A romance scam victim, a fraud expert and the writers of a new BBC thriller explain how gaslighting is used to cheat people out of their money.
After divorcing her husband of 24 years, Linda Young found herself alone in her home in a small, coastal town. Her grown-up children had finished university and were out of the house - and she didn't know too many people nearby.
She was ready for a new relationship, so she decided to try online dating. And Linda - a busy special education school administrator - soon met a handsome man on a dating website for over-50s.
In the space of just six months, however, she would be conned out of more than £120,000 ($150,000).
Through daily emails, texts and late-night phone calls, Linda recalls how she fell "head-over-heels in love" with her scammer - and the pair bonded over their shared fondness for dogs.
"He would be so loving and caring," Linda remembers. "I just couldn't stop the adrenaline rush. It was addictive. Every time my phone buzzed or a text came through from him, my whole world just lit up."
They were soon dreaming - or so she thought - about their future life together, which is when he asked for money to invest on their behalf.
From the beginning, she had a feeling it wasn't right to be sending him money, but he would reassure and emotionally manipulate her, saying: "But we're just investing in our future. All of this will come back to us."
Linda looks back at her experience as a "temporary insanity" and says she was "under his spell".
Gaslighting - manipulating someone into questioning their own sanity - can be a common technique to cheat people out of their money, says Lisa Mills, romance fraud expert at the charity Victim Support.
"This anguish takes a huge toll on their mental and physical health," she adds.

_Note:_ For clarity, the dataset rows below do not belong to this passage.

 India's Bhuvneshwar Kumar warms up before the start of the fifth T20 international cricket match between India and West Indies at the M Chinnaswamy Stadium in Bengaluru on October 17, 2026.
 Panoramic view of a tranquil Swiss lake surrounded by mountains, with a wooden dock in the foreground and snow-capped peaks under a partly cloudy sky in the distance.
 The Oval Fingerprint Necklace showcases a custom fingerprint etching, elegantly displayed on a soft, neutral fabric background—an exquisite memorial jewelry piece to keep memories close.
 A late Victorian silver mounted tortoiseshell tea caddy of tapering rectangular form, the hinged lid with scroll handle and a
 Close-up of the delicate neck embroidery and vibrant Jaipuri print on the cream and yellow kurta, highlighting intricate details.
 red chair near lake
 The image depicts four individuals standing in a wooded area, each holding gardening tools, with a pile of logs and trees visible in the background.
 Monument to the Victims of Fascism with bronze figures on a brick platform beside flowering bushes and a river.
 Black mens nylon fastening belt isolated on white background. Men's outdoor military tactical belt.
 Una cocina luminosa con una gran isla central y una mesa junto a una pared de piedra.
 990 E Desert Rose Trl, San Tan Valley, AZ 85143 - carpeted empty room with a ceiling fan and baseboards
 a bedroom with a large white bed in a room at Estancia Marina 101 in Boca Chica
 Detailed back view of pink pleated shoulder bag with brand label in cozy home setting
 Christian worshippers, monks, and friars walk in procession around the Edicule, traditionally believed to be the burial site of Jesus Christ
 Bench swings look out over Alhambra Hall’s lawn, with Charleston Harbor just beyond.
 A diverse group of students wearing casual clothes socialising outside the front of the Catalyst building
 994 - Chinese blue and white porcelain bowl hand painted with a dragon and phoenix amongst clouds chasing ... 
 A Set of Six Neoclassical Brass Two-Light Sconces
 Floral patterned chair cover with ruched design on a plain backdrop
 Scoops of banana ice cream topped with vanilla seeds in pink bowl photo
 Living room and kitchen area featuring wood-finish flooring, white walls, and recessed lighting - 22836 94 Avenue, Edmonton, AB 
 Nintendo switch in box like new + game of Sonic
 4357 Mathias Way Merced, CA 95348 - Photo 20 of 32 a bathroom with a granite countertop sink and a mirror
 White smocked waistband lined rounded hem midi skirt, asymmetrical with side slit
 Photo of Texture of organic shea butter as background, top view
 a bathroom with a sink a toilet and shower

For Ginny Skinner, who co-wrote the BBC drama series The Following Events Are Based on a Pack of Lies all about the tangled web of deception and manipulation involved in romance scams, a central theme in these cases is the "profoundly frightening experience" of gaslighting. It is something she and her fellow writer, her sister Penelope, encountered while speaking to real-life victims as part of their research.